NVIDIA GeForce GTX 980 Ti GPU
June 2, 2015
₹55,249-₹69,999 including taxes (MSRP)
The NVIDIA GTX Titan X launched in April 2015 with a huge price tag, but nobody expected NVIDIA to launch the slimmed down version, the GTX 980 Ti so close on its heels. The GTX 980 Ti is the new flagship GPU based on the same GM200 chip as the GTX Titan X with a significantly lower price tag. We find out in this review what it performs like.
Specification of theGTX 980 Ti
The card has a ROP count of 96 and comes with 6GB of Hynix GDDR5 VRAM. Core clock is set to 1000 MHz and boost clock is 1076MHz. The VRAM is clocked at an effective 7012MHz. The VRAM should be able to overclock decently as should the chip itself if earlier experience with Maxwell parts is anything to go by. Shader count drops to 2816 from the 3072 of the GTX Titan X.
The launch prices for the GTX 980 Ti variants range from ₹55,249 to ₹69,999 including taxes.
Build Quality and Packaging
Our review sample came in a special Black Package that showcased the card much like the one we had seen with the GTX 980 and GTX Titan X. Though this box has no accessories, retail versions should ship with a Driver CD/DVD, Manual and Power Cable adapters.
The card comes in the familiar silver and black casing that is seen in most of NVIDIA’s existing cards like the GTX 980. There is no covering on the top of the PCB however, leaving it exposed to the air. In terms of bling, there is the green backlit GEFORCE GTX logo on the side that can be controlled through the GEForce Experience application. NVIDIA’s stock design isn’t quite as efficient as the custom cooler designs of other manufacturers though it does have excellent build quality. Given our experience with the Titan X, we found that the GM200 chip runs rather hot and exposes the flaws of the current cooling design.
The cooling vents at the back are cut in the triangular honeycomb pattern, which makes for an interesting looking design. The GDDR5 RAM uses Hynix Chips, which are known for being quality overclockers. The card has dimensions of 27cmx11.1cmx4cm, which can make for a tight fit in some small cases.
We tested the GTX 980 Ti not only for the average Frames per Second(FPS) but also for the 99th Percentile Frame time which tells us about the performance of the GPU within the second. Within the Second testing is useful to understand micro-stutter which can render a game unplayable despite FPS being high.

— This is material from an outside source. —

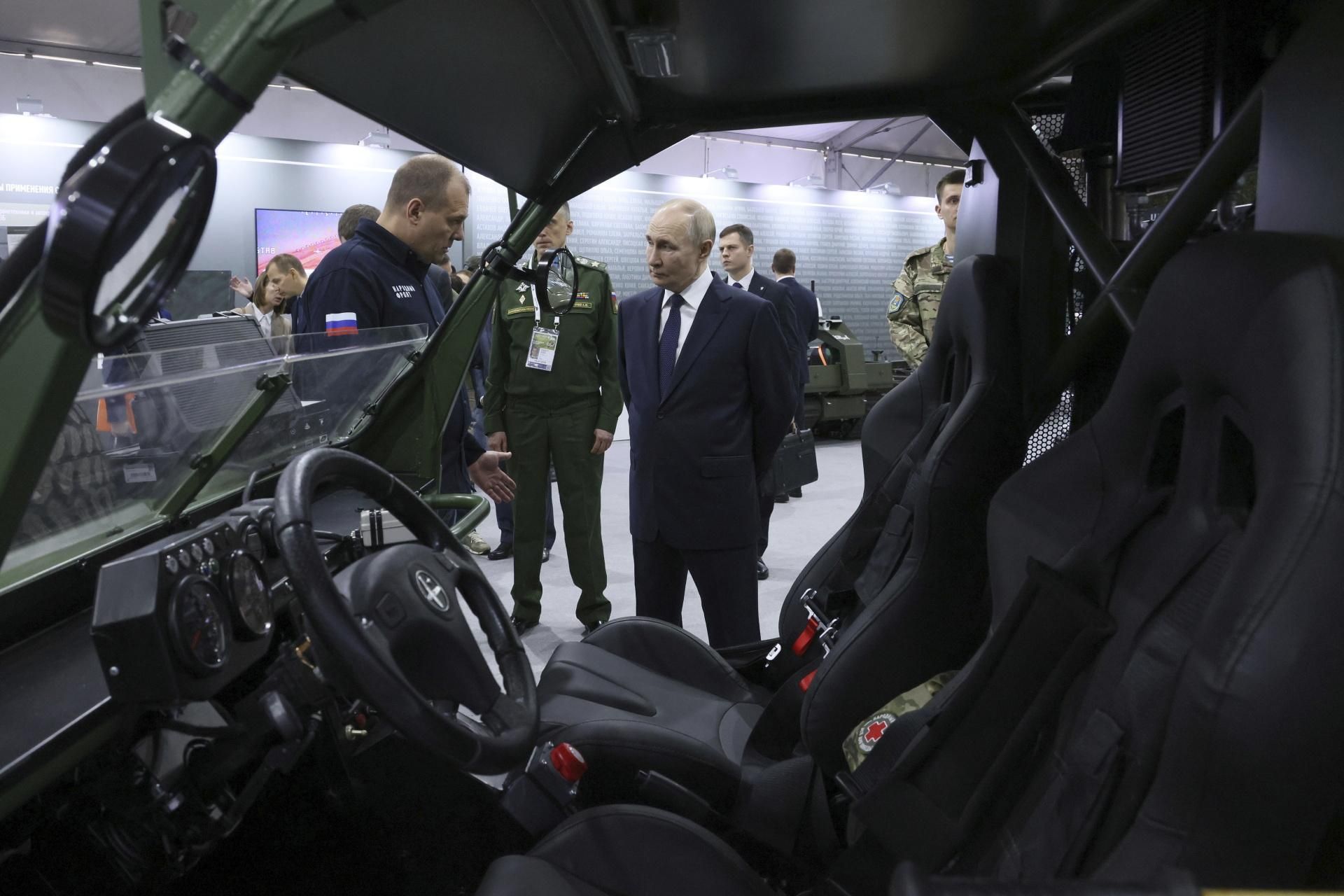 Trump groził zbombardowaniem Moskwy 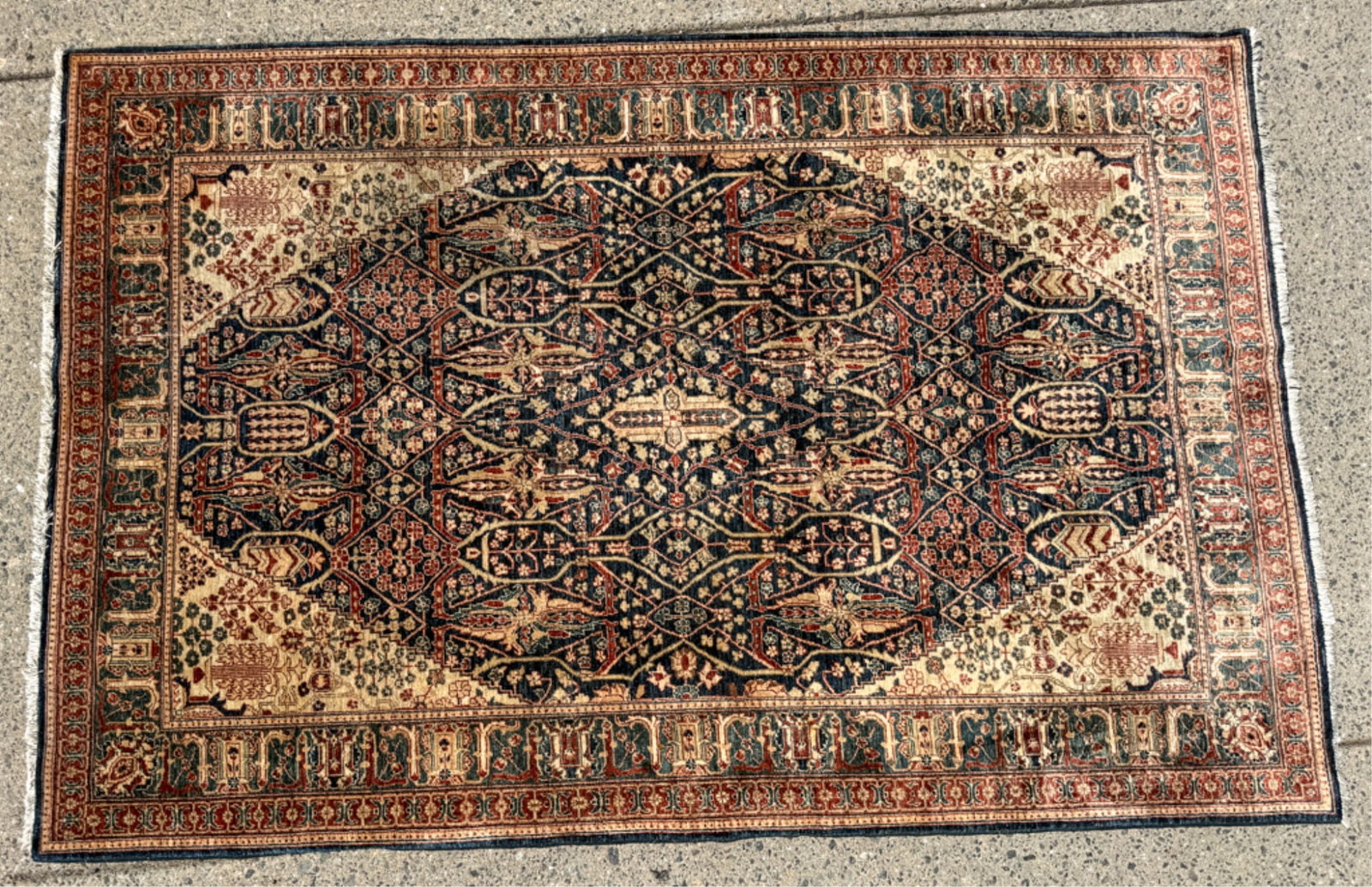 PERSIAN FINE QUALITY TABRIZ CARPET (1 of 8)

Fraps 3.5.99 allowed us to calculate both.
Since the card is a Top End GPU, we decided to use highest possible settings in our benchmark games and compare with other Top End GPUs. We tried to disable CPU dependent settings or minimise their impact where possible. VSync and frame buffering were disabled for testing. All tests were run at 1920×1080 on a single monitor configuration.
CPU: Intel i7-4790k @4GHZ (4.4GHz Turbo)
Motherboard: Asus Maximus VII Hero
RAM: 2x8GB G.Skill TridentX 2666MHz 12-13-13-36
PSU: Corsair TX650 650W
SSD: Samsung 840 Evo 1TB (For OS and Benchmarks)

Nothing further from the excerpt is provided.